Of all the entries below, retype only the lines from the one with "Used 2025 Chevrolet" through the one with "AK Derbent, Partie am Bahnhof mit Reisenden", exactly as they appear.

Web page caption snippets:

--------------------------------------------------

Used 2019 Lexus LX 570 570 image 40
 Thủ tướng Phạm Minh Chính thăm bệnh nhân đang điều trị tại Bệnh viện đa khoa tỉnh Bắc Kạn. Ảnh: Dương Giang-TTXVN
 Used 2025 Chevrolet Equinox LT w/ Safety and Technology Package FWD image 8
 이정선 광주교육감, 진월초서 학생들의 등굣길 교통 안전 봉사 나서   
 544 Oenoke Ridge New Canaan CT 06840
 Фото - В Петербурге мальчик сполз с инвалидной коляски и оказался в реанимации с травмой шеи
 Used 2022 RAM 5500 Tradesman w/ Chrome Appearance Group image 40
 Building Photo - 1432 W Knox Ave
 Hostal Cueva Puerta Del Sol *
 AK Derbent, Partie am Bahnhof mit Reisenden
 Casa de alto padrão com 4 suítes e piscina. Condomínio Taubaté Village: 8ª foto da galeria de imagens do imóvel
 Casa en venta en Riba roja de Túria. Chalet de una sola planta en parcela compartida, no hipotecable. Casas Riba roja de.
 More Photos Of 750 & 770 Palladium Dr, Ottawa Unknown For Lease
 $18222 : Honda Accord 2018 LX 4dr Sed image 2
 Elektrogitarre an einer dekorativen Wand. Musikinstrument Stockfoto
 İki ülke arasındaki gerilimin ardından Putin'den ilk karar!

--------------------------------------------------

→ WRITTEN ANSWER
 Used 2025 Chevrolet Equinox LT w/ Safety and Technology Package FWD image 8
 이정선 광주교육감, 진월초서 학생들의 등굣길 교통 안전 봉사 나서   
 544 Oenoke Ridge New Canaan CT 06840
 Фото - В Петербурге мальчик сполз с инвалидной коляски и оказался в реанимации с травмой шеи
 Used 2022 RAM 5500 Tradesman w/ Chrome Appearance Group image 40
 Building Photo - 1432 W Knox Ave
 Hostal Cueva Puerta Del Sol *
 AK Derbent, Partie am Bahnhof mit Reisenden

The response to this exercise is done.